Thanks for the data. I was thinking the following was happening:

  cppc_get_perf_ctrs()[0]                    cppc_get_perf_ctrs()[1]
/                    \                    /                         \
ref[0]    delivered[0]                    ref[1]          delivered[1]
   |            |                              |                  |
   v            v                              v                  v
----------------------------------------------------------------------> time
    <-delta[0]-> <-------------2us------------> <----delta[1]---->

If delta[0] is really different from delta[1] like above, then the
reference and delivered counters would have accumulated during different
intervals, resulting in a wrong frequency.
If more/less than 2us elapse between the two cppc_get_perf_ctrs() calls,
then it shouldn't have any impact. So waiting ~10ms should theoretically
not solve the issue.

freq = ref_freq * (delivered[1] - delivered[0]) / (ref[1] - ref[0])

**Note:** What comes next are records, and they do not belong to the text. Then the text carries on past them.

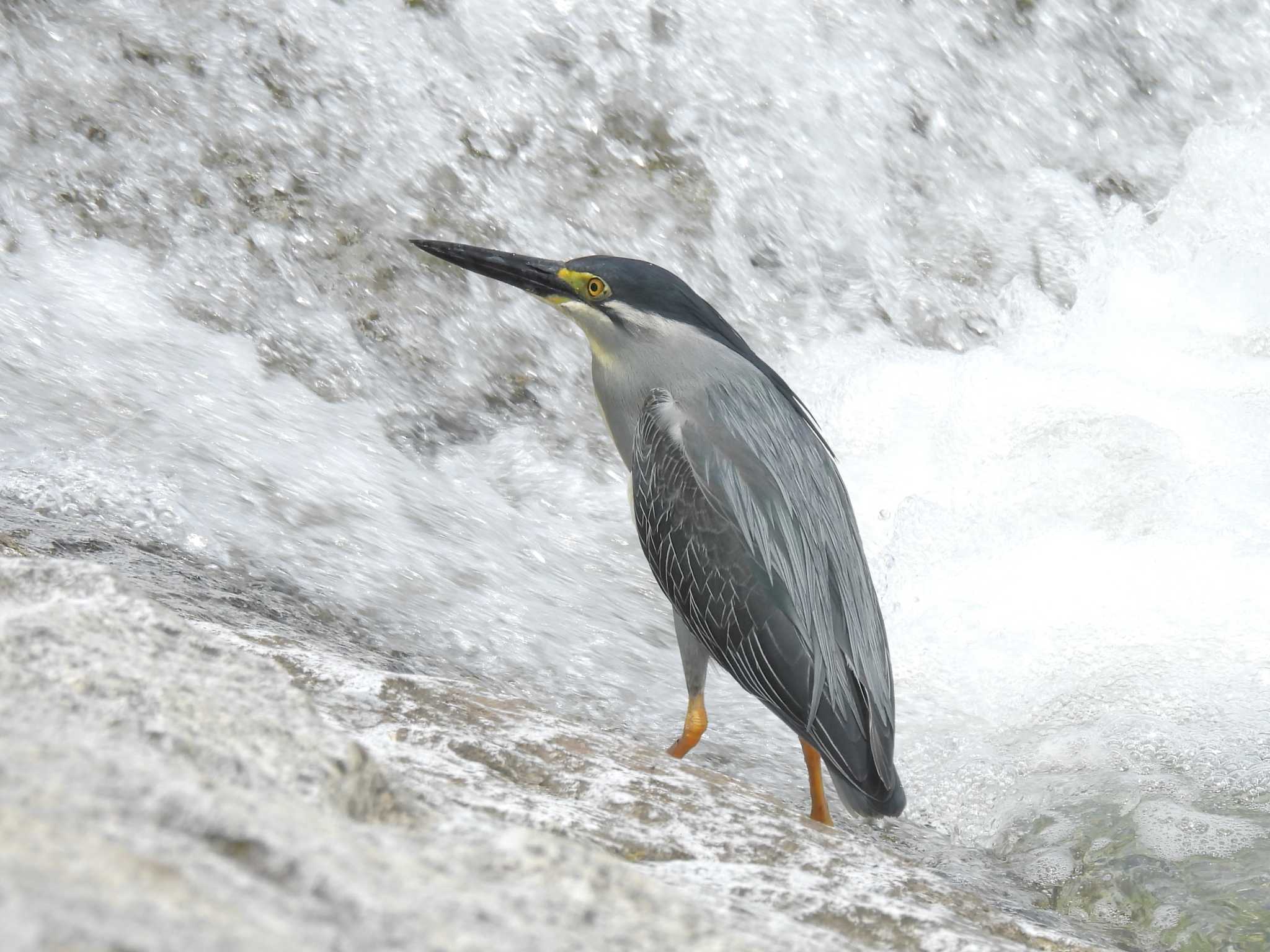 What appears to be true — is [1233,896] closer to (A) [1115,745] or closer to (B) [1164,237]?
(A) [1115,745]

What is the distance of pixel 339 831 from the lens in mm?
1023

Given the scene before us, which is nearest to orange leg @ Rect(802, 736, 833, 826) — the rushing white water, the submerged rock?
the rushing white water

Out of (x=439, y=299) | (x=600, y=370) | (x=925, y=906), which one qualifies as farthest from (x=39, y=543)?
(x=439, y=299)

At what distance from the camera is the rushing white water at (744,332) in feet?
12.6

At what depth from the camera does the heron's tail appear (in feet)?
10.2

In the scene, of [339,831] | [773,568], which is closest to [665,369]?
Answer: [773,568]

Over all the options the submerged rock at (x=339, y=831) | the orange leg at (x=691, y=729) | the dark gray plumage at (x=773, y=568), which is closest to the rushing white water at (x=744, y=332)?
the orange leg at (x=691, y=729)

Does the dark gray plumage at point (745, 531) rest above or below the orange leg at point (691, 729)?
above

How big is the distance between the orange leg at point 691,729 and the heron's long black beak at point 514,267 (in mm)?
1221

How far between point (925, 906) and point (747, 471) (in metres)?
1.82

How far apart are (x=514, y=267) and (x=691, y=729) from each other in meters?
1.41

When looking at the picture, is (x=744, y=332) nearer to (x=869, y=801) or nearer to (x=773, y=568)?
(x=773, y=568)

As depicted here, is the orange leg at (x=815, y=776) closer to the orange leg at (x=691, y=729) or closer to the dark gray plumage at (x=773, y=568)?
the orange leg at (x=691, y=729)

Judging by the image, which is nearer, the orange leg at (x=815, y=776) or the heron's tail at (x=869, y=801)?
the heron's tail at (x=869, y=801) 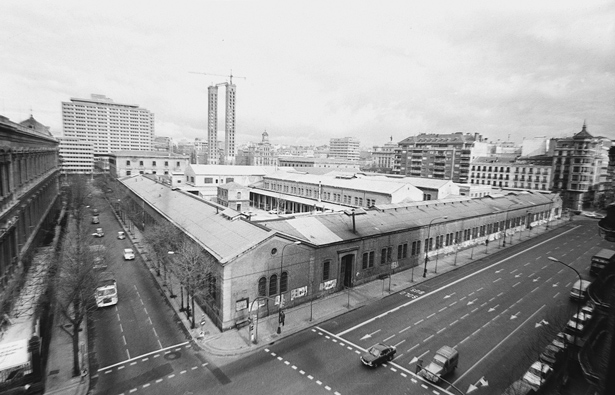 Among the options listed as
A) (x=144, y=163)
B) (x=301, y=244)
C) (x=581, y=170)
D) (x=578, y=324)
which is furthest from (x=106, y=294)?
(x=581, y=170)

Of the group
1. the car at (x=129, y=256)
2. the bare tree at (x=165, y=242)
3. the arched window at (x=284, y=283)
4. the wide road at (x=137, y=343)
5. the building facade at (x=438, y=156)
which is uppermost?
the building facade at (x=438, y=156)

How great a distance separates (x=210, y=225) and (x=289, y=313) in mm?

If the counters are accessed through mmio, I don't see anything that would
make delta[x] vary when calling cppc_get_perf_ctrs(), cf. cpc_read().
Do you know if the address represents real counters or a place in memory
representing something else ?

Would it be possible to try setting the CPU frequency to one unique value
and get a serie of values like:
[timestamp, ref_counter_value, deliverd_counter_value]

This would allow to check that the counters are accumulating at a valid
pace. Also you said there were frequencies above the maximum value, but
are there also frequencies below the minimum value ?

Regards,
Pierre